(Image-backed grounding data)
• • • •

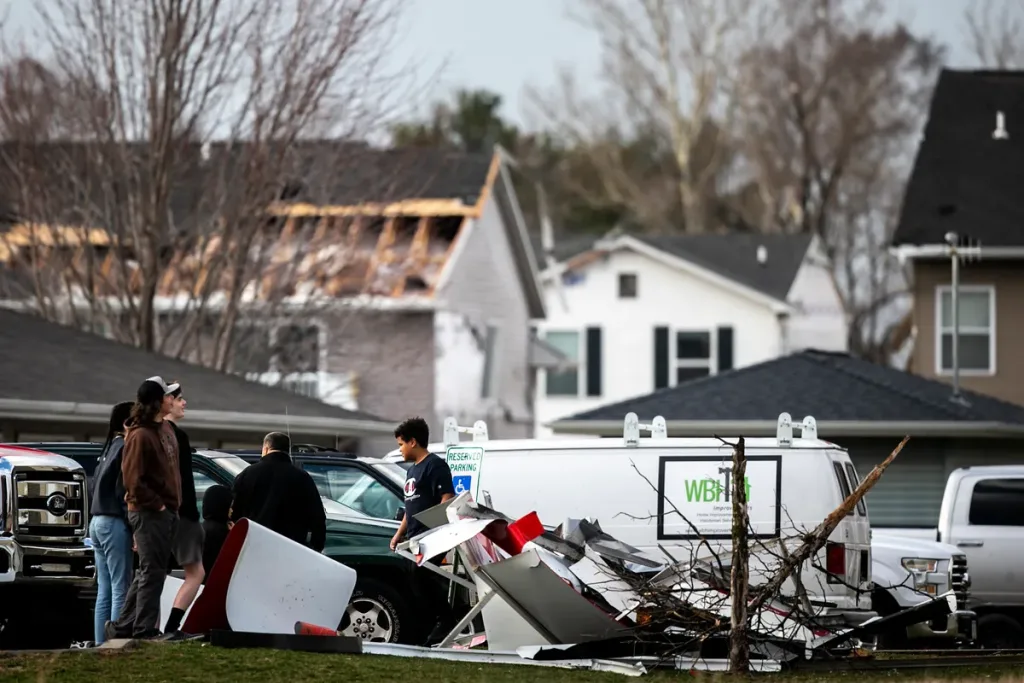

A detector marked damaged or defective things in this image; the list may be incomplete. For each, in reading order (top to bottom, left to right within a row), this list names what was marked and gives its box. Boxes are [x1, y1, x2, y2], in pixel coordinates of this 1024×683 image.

damaged roof [892, 69, 1024, 248]
damaged roof [0, 306, 390, 428]
damaged siding [434, 184, 532, 438]
damaged roof [532, 232, 812, 302]
damaged roof [552, 352, 1024, 438]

• • • •

TRY IT:
Make an exact copy of the records above, one that has none of the pictures.

RESULT OF THE EXERCISE:
A detector marked damaged or defective things in this image; the list may be incomplete. For each, in reading order (top to bottom, left to right within a row), this list names what was marked and gives its box. Boxes are [x1, y1, x2, y2], in pixel coordinates of this 1024×683 image.

damaged roof [892, 69, 1024, 248]
damaged roof [0, 306, 390, 428]
damaged siding [434, 184, 532, 438]
damaged roof [532, 232, 812, 302]
damaged roof [552, 352, 1024, 438]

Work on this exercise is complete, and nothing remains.